» **AIM OF THE EXERCISE**: From the records below, set down exactly the lines starting with the line that contains "Vintage 80s sequin" and going on through the line that contains "Home office with". Nothing else is wanted.

Web page caption snippets
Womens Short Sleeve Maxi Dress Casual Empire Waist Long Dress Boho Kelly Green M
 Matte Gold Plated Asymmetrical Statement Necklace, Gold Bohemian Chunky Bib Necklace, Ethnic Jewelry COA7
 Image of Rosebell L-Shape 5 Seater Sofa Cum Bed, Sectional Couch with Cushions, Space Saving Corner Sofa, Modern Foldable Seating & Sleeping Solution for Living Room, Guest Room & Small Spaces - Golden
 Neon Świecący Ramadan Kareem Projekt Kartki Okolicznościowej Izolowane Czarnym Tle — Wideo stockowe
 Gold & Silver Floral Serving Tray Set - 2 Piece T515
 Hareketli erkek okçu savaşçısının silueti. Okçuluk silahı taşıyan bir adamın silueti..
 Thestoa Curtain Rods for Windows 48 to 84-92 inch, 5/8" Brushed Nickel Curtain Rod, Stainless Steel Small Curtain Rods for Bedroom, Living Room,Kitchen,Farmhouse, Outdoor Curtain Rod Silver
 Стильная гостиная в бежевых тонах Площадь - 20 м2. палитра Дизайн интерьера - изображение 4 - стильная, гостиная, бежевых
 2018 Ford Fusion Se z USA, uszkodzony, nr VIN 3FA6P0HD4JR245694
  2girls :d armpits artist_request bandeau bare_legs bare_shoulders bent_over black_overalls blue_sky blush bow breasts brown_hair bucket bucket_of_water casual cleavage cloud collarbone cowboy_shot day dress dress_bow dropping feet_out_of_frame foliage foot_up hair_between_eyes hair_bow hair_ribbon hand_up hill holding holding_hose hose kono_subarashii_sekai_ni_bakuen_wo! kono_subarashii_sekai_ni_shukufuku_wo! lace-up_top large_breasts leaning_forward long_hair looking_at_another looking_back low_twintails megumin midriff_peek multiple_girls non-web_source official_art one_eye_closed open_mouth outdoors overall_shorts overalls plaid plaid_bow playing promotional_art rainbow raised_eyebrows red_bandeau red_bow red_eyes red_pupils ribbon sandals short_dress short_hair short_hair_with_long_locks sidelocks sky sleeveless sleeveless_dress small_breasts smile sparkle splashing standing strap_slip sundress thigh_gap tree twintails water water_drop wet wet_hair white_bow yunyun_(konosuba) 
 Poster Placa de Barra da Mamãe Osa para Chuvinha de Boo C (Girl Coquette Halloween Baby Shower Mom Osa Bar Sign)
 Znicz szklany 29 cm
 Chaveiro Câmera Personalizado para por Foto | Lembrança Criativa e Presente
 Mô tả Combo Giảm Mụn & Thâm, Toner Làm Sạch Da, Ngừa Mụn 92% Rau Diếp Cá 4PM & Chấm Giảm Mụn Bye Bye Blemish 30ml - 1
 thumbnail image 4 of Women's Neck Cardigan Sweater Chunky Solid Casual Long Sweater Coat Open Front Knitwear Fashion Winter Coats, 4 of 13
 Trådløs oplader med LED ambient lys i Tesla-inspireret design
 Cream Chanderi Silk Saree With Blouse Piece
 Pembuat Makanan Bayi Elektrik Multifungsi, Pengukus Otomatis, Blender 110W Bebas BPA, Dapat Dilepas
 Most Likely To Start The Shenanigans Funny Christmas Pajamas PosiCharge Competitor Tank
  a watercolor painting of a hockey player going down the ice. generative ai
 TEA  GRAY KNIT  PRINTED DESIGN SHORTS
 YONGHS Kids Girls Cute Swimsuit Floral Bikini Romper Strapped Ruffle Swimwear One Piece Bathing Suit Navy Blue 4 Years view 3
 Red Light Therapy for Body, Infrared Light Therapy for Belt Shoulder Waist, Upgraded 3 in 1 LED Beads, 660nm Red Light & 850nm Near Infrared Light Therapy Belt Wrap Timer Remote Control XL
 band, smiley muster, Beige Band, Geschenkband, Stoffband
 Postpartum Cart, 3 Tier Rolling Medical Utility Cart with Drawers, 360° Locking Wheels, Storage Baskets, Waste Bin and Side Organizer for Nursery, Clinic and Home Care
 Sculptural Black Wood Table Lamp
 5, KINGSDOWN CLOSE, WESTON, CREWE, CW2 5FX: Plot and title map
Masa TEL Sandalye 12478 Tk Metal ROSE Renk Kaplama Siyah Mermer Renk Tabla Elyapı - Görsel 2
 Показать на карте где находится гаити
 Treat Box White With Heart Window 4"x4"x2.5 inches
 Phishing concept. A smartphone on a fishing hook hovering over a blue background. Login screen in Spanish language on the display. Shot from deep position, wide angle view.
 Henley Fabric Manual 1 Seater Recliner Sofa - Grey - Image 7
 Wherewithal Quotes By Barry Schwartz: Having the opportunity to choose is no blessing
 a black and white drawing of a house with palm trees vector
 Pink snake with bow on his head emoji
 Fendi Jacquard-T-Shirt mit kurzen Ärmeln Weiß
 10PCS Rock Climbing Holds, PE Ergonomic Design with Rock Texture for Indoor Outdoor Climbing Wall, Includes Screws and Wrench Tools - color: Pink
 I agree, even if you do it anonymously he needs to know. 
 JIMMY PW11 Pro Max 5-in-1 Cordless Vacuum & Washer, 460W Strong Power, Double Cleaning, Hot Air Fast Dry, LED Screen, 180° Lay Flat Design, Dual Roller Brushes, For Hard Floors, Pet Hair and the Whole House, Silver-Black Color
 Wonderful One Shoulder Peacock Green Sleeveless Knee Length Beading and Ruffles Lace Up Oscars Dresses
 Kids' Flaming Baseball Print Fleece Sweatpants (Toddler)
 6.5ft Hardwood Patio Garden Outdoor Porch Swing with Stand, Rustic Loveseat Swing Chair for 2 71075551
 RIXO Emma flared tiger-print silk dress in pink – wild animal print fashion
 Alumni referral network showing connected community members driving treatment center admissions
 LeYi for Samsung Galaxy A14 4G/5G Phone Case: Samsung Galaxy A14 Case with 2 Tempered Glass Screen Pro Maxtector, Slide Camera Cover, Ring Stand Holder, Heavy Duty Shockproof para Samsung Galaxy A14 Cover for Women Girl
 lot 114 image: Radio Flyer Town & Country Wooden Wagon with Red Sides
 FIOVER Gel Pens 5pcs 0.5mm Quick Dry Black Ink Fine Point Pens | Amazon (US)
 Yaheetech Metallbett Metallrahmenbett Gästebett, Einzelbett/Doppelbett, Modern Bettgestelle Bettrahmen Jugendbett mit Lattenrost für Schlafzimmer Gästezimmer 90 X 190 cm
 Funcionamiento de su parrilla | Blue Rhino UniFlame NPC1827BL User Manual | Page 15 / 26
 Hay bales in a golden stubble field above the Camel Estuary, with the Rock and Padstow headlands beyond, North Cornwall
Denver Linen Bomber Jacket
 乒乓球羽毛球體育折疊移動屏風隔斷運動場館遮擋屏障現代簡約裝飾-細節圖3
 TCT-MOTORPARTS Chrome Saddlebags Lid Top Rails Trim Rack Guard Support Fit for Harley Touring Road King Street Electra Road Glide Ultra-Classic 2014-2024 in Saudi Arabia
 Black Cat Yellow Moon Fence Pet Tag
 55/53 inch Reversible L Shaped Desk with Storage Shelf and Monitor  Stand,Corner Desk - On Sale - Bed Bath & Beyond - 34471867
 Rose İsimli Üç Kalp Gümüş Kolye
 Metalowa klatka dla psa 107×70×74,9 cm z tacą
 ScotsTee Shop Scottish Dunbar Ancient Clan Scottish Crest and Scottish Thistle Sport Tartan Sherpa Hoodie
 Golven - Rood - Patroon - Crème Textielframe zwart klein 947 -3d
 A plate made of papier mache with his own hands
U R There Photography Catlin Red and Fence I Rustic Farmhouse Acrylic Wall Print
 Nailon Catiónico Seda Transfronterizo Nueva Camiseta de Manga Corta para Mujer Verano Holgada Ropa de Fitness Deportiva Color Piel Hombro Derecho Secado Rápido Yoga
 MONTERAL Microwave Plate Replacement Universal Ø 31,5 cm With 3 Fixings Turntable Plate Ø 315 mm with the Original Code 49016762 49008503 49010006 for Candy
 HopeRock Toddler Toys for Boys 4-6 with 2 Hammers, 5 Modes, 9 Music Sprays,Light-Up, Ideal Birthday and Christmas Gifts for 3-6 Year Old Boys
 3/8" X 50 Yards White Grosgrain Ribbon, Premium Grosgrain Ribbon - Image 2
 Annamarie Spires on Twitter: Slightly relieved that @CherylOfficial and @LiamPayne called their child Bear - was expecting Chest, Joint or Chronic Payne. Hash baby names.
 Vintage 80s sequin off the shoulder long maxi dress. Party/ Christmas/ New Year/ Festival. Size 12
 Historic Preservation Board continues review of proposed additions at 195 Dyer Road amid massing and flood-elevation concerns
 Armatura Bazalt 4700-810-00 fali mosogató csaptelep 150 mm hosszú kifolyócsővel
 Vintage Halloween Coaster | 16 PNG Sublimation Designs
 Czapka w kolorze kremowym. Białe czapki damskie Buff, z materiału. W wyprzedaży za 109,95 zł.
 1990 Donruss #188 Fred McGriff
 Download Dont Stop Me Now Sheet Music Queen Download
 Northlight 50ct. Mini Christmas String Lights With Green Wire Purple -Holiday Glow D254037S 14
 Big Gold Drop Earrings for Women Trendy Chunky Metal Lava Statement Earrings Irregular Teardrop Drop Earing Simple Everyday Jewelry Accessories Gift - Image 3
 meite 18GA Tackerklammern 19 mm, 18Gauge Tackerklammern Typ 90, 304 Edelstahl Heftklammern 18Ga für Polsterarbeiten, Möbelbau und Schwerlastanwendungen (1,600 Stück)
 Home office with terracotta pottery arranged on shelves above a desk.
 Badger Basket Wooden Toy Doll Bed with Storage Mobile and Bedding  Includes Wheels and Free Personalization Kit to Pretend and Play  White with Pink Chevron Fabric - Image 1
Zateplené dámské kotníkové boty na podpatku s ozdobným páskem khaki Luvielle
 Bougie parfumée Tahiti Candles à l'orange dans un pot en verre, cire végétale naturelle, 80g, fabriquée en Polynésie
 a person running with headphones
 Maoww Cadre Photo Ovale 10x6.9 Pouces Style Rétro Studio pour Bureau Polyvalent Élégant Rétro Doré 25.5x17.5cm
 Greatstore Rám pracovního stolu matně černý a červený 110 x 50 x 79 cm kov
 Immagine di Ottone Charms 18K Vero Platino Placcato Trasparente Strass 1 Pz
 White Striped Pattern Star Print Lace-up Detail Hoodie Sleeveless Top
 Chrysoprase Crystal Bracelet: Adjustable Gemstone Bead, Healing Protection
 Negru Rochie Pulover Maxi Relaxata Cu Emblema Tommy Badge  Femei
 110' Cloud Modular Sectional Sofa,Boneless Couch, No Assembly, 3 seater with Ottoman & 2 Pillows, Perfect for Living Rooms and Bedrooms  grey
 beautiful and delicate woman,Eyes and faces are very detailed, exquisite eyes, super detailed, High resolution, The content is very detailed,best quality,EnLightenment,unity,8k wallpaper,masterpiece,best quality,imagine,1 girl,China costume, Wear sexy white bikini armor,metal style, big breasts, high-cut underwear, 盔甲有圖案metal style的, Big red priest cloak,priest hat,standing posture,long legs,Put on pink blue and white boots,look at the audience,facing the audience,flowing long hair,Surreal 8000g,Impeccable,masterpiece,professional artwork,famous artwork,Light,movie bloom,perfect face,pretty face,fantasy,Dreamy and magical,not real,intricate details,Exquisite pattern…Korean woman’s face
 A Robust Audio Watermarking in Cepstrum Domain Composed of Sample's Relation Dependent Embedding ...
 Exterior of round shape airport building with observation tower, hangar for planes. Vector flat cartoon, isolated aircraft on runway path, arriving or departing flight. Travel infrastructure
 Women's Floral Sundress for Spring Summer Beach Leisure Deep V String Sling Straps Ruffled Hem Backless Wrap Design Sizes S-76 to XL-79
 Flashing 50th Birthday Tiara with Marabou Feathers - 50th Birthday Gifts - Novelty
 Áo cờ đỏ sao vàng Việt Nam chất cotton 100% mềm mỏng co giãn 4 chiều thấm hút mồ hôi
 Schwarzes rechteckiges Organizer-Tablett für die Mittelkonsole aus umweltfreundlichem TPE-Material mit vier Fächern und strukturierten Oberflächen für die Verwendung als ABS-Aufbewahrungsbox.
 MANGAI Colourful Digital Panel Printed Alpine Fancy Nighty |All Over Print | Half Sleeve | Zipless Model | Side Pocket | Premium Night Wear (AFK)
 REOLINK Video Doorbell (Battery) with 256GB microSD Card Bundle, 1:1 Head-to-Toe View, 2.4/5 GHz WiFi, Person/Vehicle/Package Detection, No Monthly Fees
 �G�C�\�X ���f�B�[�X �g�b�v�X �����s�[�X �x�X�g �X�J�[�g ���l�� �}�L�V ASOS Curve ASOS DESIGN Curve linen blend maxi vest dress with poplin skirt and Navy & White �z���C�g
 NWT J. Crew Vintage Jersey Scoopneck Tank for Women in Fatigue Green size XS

» **THE COMPLETED TASK**:
 Vintage 80s sequin off the shoulder long maxi dress. Party/ Christmas/ New Year/ Festival. Size 12
 Historic Preservation Board continues review of proposed additions at 195 Dyer Road amid massing and flood-elevation concerns
 Armatura Bazalt 4700-810-00 fali mosogató csaptelep 150 mm hosszú kifolyócsővel
 Vintage Halloween Coaster | 16 PNG Sublimation Designs
 Czapka w kolorze kremowym. Białe czapki damskie Buff, z materiału. W wyprzedaży za 109,95 zł.
 1990 Donruss #188 Fred McGriff
 Download Dont Stop Me Now Sheet Music Queen Download
 Northlight 50ct. Mini Christmas String Lights With Green Wire Purple -Holiday Glow D254037S 14
 Big Gold Drop Earrings for Women Trendy Chunky Metal Lava Statement Earrings Irregular Teardrop Drop Earing Simple Everyday Jewelry Accessories Gift - Image 3
 meite 18GA Tackerklammern 19 mm, 18Gauge Tackerklammern Typ 90, 304 Edelstahl Heftklammern 18Ga für Polsterarbeiten, Möbelbau und Schwerlastanwendungen (1,600 Stück)
 Home office with terracotta pottery arranged on shelves above a desk.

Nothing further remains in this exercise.